The distance between the work site and the exits should be shorter than the maximum limit if there is a risk of fire, vapours and similar, if there are pipes and similar which obstruct the escape routes, or if visibility is limited.

Use the assessment schedule (see below) to help establish the maximum daily working hours in a crawl space.

Emergency lighting is mandatory when working in a crawl space. This can e.g. be a battery light which can be used as an orientation light in the event of a power failure.

Dust, asbestos, etc.

When working in basements or roof spaces, there is a greater risk of dust, insulation materials and construction material remains which can be harmful to health. In buildings dating back to before 1975, there is a risk of contact with insulation materials which contain asbestos. Asbestos may also be found in other materials used until the mid-1980s.

If asbestos is present, the work area must be cleaned before work may commence.

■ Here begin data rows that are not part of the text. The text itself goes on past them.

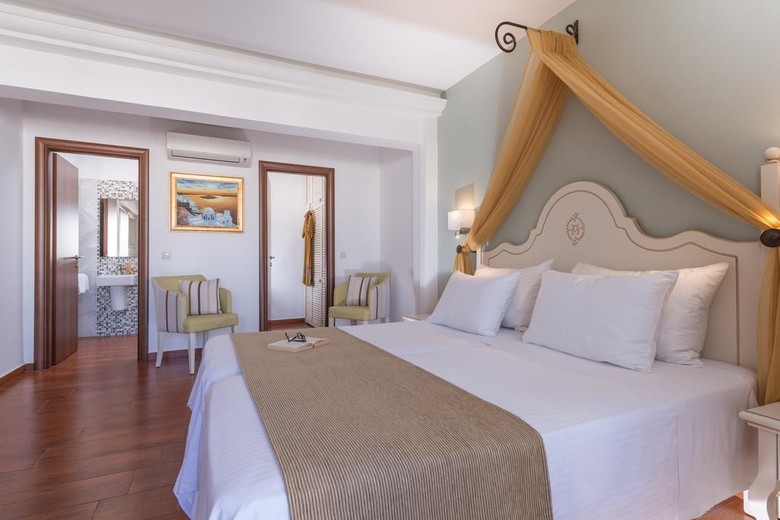 Alexander Beach Hotel & Village (.)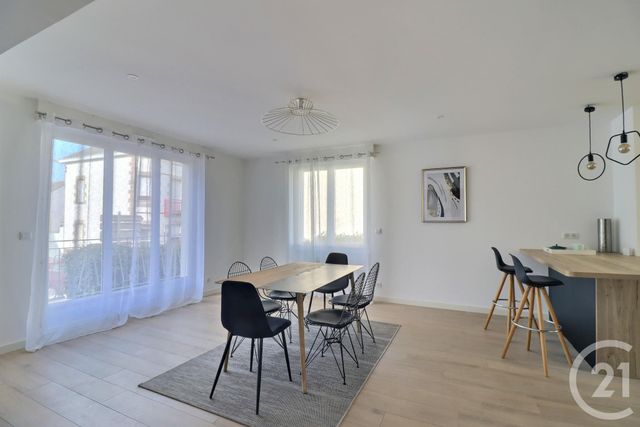 Afficher la photo en grand maison à vendre - 6 pièces - 170.0 m2 - LE POULIGUEN - 44 - PAYS-DE-LOIRE - Century 21 Dréano Immobilier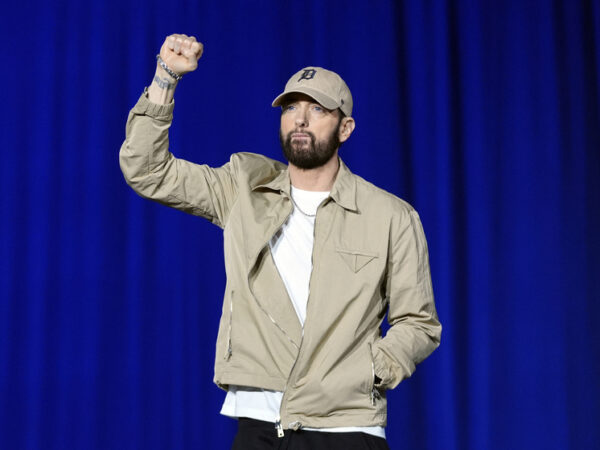 «Ранимый гаденыш» Эминем подал в суд на австралийские зонтики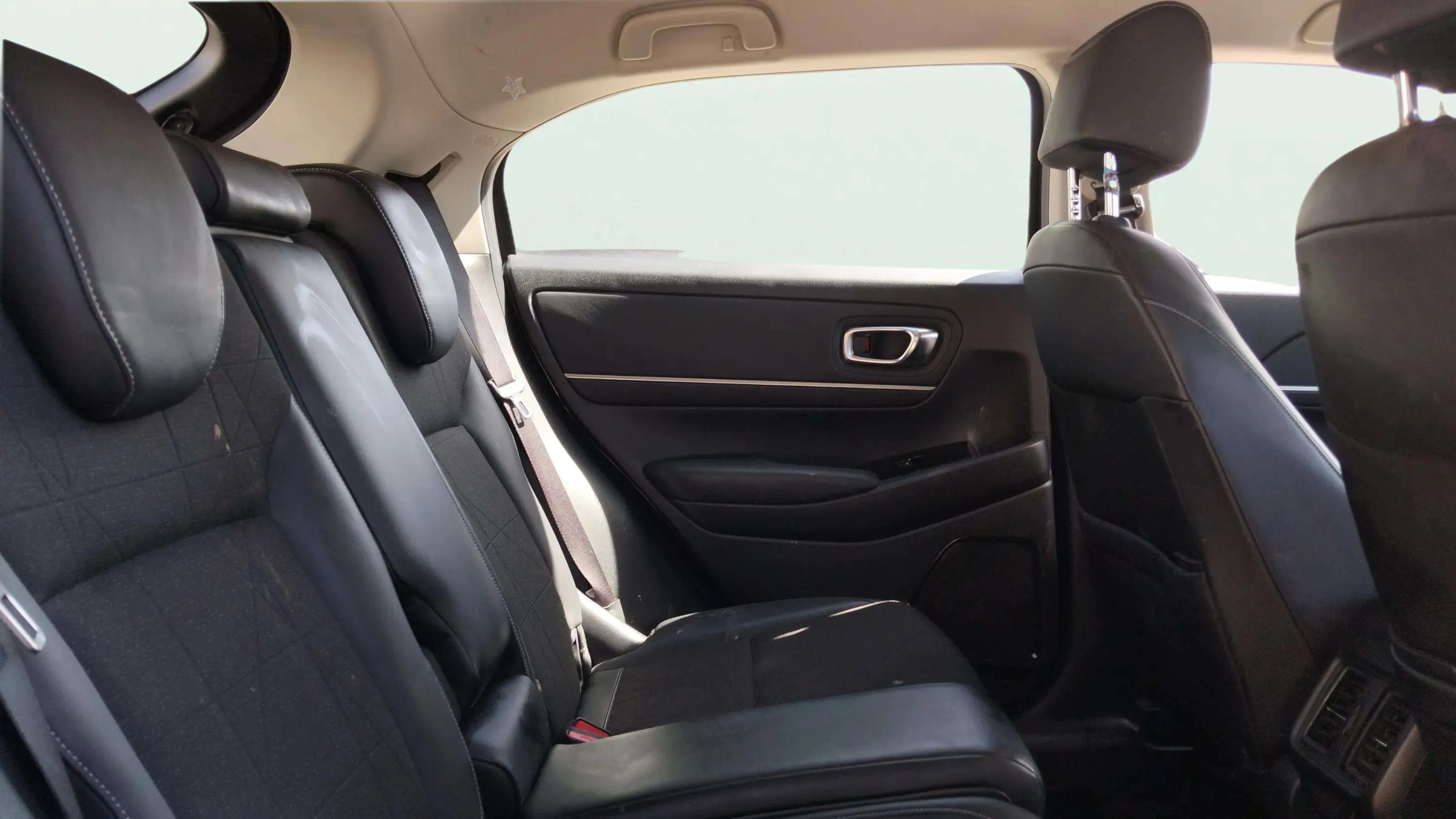 Honda HR-V 1.5 i-MMD Advance 4x2 - foto 9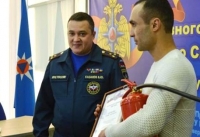 Огнетушитель за три жизни: в МЧС намерены "дополнить" награду мужчине, спасшему троих детей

This cleaning must be undertaken by people trained in the removal of asbestos.

In buildings damaged by moisture, it is necessary to be alert to biologically active dust – mould and suchlike.

In other situations, it may be necessary to tidy up before work can begin, e.g. if there is too much dust, animal excrement or construction waste.

Do not crawl around in rubble and other construction waste as this may damage your hands and knees.

Work in lofts, roof spaces and crawl spaces requires a lot of attention and must always be planned. The necessary aids, protective equipment and technical aids must be in place before work commences.